Enhanced-Oil Recovery (EOR) presents a timely opportunity to access new oil reserves in known traps as a result of the current energy market. In this work, EOR refers to any changes in a reservoir development plan that leads to increased recovery factor by the injection of fluids/energy into the reservoir. This is much in line with the idea of tertiary recovery, which typically follows conventional waterflooding or gas injection, but that can be applied at any stage of production. Well stimulation or conformance activities, well architectures and changes in the production infrastructure, e.g. pumps or completions, are not included in the analysis of this work.
Wyoming represents a mature oil province with many of the oil reservoirs at an advanced stage of maturity (Gharbi, 2001) or in significant decline.

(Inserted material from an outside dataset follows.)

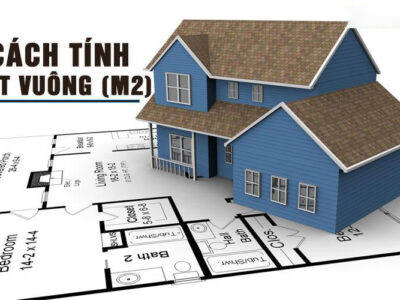 Cách tính mét vuông đất (m2) chuẩn theo công thức đơn giản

Waterflooding has been frequently used in in Wyoming basins with varied degree of success (Towler and Griffith, 1999), so "engineered?? waterflooding (chemical flooding) can naturally follow in the many of Wyoming's reservoirs. Numerous pilot and full-field EOR projects have been completed in Wyoming, particularly polymer floods (Hochanadel et al, 1990) since the early 1980s. Micellar/Polymer flooding was developed and tested in Wyoming reservoirs, including the famous Big Muddy low-tension flood (Borah and Gregory, 1988; Ferrell et al., 1988; Gilliland and Conley, 1976). Many of the early projects resulted in technical success, but were uneconomical.